SUPPLIED ENTRIES Start Marker
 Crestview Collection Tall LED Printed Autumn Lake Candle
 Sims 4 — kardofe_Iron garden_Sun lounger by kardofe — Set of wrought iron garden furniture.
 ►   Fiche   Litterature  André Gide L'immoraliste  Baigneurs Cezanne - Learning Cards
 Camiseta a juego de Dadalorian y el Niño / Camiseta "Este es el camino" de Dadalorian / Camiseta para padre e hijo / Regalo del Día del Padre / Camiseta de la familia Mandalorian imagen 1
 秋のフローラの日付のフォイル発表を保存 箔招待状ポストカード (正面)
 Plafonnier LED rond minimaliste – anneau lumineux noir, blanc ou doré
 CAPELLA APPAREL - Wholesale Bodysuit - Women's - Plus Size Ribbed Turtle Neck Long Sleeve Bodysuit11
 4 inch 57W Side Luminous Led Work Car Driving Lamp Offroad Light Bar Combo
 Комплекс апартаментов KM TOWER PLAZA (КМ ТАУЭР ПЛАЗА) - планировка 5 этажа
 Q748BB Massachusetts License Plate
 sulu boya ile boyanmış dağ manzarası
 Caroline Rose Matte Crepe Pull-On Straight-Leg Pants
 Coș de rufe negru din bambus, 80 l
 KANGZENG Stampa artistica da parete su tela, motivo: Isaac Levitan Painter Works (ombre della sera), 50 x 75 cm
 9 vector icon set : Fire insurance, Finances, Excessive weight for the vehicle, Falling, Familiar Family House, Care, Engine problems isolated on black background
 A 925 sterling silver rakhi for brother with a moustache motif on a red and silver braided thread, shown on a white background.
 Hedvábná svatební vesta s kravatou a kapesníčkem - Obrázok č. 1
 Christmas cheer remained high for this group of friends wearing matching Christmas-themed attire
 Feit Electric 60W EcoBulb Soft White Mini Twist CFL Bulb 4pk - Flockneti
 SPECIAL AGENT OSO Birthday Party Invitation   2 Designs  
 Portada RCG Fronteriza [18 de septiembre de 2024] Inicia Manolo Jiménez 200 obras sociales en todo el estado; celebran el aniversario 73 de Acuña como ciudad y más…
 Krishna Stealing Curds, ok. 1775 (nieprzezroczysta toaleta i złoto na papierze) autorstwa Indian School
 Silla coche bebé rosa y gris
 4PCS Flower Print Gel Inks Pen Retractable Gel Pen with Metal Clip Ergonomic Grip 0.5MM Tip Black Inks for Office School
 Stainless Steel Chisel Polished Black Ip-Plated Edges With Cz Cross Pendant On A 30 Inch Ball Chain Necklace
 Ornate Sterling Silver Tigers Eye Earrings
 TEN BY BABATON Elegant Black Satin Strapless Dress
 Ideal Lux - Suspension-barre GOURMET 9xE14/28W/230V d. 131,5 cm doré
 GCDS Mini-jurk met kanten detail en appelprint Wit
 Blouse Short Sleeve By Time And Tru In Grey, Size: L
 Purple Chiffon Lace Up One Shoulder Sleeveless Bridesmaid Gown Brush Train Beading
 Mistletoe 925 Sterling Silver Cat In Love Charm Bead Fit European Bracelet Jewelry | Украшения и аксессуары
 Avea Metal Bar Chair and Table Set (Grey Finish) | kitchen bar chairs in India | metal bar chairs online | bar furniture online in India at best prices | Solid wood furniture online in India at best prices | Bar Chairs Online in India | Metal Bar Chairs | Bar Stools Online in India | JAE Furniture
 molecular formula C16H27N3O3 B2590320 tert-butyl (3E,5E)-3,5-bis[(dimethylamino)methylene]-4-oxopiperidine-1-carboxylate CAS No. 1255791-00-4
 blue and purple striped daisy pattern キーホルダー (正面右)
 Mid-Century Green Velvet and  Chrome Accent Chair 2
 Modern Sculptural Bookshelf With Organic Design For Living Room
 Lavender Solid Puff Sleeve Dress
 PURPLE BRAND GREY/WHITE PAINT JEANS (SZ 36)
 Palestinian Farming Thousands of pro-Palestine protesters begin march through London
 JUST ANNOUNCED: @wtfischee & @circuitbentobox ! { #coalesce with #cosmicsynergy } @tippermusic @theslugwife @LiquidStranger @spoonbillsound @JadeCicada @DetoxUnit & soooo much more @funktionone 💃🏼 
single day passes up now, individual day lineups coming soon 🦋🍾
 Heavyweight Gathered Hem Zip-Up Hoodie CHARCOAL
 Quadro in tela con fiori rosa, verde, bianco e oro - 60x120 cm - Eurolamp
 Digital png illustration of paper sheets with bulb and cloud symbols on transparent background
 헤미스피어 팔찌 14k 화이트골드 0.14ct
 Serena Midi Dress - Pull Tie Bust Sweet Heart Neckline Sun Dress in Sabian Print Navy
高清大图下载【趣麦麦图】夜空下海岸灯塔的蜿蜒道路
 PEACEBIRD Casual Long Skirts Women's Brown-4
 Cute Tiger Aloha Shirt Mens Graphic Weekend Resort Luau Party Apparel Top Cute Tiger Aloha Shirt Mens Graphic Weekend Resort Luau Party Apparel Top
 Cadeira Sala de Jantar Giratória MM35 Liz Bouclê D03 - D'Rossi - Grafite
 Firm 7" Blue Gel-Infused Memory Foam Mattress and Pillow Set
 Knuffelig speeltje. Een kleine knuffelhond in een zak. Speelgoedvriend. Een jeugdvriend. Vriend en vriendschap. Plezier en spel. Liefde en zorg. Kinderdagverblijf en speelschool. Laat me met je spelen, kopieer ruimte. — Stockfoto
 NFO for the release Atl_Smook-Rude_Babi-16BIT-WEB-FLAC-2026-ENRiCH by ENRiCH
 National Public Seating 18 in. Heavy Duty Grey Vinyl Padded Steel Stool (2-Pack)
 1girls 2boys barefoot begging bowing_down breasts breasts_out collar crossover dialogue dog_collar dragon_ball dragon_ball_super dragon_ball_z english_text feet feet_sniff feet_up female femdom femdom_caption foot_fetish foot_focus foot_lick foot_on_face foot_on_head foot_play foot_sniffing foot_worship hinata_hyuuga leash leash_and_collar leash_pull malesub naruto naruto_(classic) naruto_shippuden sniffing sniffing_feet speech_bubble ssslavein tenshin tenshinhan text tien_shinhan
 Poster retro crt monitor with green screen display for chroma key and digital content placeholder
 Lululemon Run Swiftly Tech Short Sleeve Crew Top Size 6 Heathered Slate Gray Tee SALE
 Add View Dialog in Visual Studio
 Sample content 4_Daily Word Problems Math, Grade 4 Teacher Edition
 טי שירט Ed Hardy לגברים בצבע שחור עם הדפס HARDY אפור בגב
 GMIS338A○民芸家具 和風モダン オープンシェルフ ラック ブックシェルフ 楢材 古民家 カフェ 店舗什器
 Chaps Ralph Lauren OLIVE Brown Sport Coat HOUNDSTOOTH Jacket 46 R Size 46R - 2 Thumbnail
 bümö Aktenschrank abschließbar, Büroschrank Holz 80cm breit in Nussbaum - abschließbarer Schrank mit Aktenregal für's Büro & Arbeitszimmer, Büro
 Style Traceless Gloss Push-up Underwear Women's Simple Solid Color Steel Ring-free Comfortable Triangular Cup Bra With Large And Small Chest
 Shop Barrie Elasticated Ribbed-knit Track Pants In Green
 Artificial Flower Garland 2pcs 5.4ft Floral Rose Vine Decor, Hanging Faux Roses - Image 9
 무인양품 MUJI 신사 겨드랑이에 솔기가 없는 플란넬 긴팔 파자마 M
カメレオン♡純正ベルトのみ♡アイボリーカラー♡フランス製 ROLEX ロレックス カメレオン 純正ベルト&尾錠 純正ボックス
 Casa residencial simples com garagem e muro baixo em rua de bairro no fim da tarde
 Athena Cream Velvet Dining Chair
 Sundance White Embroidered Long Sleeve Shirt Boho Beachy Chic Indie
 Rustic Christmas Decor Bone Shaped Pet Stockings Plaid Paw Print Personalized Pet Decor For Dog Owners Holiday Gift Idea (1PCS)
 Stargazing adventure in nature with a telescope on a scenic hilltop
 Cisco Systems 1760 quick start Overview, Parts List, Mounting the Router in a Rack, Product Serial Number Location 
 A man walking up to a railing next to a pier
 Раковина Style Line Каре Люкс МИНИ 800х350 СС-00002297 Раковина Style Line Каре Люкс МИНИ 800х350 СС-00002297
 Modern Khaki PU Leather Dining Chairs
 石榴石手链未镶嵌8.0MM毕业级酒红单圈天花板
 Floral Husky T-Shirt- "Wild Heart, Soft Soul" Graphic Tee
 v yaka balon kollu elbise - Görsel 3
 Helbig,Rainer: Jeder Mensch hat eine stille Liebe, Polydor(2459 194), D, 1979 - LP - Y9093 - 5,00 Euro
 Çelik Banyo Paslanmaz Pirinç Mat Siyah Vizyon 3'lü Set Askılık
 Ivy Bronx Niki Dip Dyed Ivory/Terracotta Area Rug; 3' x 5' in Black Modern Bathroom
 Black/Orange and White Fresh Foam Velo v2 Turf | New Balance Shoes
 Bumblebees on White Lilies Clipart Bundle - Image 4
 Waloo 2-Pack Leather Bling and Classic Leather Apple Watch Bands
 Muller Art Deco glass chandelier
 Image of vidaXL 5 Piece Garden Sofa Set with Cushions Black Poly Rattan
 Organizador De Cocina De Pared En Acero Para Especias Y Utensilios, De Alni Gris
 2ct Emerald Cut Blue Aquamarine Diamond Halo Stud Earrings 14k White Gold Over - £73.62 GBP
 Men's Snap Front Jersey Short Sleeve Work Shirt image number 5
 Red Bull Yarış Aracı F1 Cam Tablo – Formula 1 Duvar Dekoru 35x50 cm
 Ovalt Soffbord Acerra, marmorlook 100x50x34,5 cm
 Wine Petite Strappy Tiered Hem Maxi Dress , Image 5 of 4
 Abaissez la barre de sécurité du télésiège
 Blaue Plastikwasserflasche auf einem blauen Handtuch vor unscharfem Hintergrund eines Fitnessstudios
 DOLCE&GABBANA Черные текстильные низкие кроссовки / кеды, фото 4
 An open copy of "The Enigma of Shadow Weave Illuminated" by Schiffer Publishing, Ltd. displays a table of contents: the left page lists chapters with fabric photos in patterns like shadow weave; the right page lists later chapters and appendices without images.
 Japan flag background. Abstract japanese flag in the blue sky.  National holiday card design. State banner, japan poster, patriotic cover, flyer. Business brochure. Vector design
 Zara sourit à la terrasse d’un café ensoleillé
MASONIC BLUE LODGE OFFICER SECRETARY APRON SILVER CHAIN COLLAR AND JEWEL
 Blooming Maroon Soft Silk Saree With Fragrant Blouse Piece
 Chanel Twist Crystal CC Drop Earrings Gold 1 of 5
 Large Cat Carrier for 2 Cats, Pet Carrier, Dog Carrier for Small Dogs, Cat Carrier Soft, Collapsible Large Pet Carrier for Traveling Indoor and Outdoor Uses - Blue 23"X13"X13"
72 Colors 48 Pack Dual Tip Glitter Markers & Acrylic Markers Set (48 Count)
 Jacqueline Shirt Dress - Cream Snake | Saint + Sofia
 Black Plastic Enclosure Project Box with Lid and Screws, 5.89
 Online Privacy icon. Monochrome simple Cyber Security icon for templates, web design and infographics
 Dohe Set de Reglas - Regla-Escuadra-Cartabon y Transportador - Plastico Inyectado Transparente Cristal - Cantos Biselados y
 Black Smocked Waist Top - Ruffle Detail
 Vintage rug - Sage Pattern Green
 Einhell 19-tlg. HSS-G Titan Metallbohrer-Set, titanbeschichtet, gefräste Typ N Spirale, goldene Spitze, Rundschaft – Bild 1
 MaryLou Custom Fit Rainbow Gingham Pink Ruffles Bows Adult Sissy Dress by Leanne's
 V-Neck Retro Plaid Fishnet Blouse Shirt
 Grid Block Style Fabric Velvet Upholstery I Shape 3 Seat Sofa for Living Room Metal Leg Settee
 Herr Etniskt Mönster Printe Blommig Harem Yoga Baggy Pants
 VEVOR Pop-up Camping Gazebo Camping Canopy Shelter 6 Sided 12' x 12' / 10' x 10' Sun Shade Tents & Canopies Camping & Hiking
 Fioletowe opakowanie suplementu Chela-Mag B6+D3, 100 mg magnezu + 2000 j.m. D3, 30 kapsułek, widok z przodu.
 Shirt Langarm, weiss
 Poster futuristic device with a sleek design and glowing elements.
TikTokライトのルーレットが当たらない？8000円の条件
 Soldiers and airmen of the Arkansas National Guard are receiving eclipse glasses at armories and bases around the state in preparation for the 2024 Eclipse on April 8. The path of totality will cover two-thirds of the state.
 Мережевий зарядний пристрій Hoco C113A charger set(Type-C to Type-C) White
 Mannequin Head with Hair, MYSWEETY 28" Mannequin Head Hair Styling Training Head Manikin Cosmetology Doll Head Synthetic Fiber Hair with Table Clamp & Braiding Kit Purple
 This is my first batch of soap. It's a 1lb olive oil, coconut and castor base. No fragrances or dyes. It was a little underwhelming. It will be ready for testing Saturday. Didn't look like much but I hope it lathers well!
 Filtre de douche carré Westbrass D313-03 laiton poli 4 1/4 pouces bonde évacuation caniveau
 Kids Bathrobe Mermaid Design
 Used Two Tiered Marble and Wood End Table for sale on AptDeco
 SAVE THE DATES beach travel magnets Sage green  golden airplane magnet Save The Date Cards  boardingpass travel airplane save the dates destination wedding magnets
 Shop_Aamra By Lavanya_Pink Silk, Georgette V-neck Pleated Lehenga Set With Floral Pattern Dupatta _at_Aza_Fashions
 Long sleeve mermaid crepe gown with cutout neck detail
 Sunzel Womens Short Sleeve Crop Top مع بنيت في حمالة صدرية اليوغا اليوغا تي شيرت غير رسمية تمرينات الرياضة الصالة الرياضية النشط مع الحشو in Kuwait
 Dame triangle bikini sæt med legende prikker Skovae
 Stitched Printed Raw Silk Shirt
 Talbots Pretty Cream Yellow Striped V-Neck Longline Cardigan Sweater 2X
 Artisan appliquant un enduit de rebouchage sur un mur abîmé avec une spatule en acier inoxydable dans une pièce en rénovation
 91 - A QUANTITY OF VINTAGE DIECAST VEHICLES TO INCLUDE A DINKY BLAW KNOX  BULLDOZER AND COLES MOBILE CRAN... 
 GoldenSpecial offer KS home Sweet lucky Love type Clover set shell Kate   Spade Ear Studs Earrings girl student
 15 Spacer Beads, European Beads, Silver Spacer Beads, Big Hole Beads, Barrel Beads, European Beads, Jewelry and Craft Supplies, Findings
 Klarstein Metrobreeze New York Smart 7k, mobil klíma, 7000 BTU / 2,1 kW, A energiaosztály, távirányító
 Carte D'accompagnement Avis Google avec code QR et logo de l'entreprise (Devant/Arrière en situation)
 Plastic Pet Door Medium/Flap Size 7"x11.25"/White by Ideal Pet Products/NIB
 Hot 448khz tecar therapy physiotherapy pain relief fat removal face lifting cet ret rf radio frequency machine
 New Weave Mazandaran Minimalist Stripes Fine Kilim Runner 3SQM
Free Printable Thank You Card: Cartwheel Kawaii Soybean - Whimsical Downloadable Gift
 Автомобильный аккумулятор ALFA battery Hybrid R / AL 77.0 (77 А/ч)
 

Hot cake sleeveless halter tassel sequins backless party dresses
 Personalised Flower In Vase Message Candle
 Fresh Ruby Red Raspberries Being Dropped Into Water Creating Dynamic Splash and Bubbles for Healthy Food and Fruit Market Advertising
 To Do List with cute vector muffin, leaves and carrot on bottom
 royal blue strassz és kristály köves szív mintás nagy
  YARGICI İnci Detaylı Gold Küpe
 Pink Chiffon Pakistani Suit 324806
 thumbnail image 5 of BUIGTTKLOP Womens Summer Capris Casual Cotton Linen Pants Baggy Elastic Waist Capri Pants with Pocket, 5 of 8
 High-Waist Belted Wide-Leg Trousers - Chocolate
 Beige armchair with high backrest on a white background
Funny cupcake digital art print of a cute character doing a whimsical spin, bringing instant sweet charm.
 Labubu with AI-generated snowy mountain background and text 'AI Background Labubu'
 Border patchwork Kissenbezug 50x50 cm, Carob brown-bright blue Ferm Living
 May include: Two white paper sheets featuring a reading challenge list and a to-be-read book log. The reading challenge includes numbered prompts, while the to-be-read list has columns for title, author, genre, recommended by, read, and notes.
SUPPLIED ENTRIES End Marker
Taking the lines above, repeat exactly those from the line that contains "Stargazing adventure in" through the line that contains "Chanel Twist Crystal", and both of those lines as well. Include nothing else.

 Stargazing adventure in nature with a telescope on a scenic hilltop
 Cisco Systems 1760 quick start Overview, Parts List, Mounting the Router in a Rack, Product Serial Number Location 
 A man walking up to a railing next to a pier
 Раковина Style Line Каре Люкс МИНИ 800х350 СС-00002297 Раковина Style Line Каре Люкс МИНИ 800х350 СС-00002297
 Modern Khaki PU Leather Dining Chairs
 石榴石手链未镶嵌8.0MM毕业级酒红单圈天花板
 Floral Husky T-Shirt- "Wild Heart, Soft Soul" Graphic Tee
 v yaka balon kollu elbise - Görsel 3
 Helbig,Rainer: Jeder Mensch hat eine stille Liebe, Polydor(2459 194), D, 1979 - LP - Y9093 - 5,00 Euro
 Çelik Banyo Paslanmaz Pirinç Mat Siyah Vizyon 3'lü Set Askılık
 Ivy Bronx Niki Dip Dyed Ivory/Terracotta Area Rug; 3' x 5' in Black Modern Bathroom
 Black/Orange and White Fresh Foam Velo v2 Turf | New Balance Shoes
 Bumblebees on White Lilies Clipart Bundle - Image 4
 Waloo 2-Pack Leather Bling and Classic Leather Apple Watch Bands
 Muller Art Deco glass chandelier
 Image of vidaXL 5 Piece Garden Sofa Set with Cushions Black Poly Rattan
 Organizador De Cocina De Pared En Acero Para Especias Y Utensilios, De Alni Gris
 2ct Emerald Cut Blue Aquamarine Diamond Halo Stud Earrings 14k White Gold Over - £73.62 GBP
 Men's Snap Front Jersey Short Sleeve Work Shirt image number 5
 Red Bull Yarış Aracı F1 Cam Tablo – Formula 1 Duvar Dekoru 35x50 cm
 Ovalt Soffbord Acerra, marmorlook 100x50x34,5 cm
 Wine Petite Strappy Tiered Hem Maxi Dress , Image 5 of 4
 Abaissez la barre de sécurité du télésiège
 Blaue Plastikwasserflasche auf einem blauen Handtuch vor unscharfem Hintergrund eines Fitnessstudios
 DOLCE&GABBANA Черные текстильные низкие кроссовки / кеды, фото 4
 An open copy of "The Enigma of Shadow Weave Illuminated" by Schiffer Publishing, Ltd. displays a table of contents: the left page lists chapters with fabric photos in patterns like shadow weave; the right page lists later chapters and appendices without images.
 Japan flag background. Abstract japanese flag in the blue sky.  National holiday card design. State banner, japan poster, patriotic cover, flyer. Business brochure. Vector design
 Zara sourit à la terrasse d’un café ensoleillé
MASONIC BLUE LODGE OFFICER SECRETARY APRON SILVER CHAIN COLLAR AND JEWEL
 Blooming Maroon Soft Silk Saree With Fragrant Blouse Piece
 Chanel Twist Crystal CC Drop Earrings Gold 1 of 5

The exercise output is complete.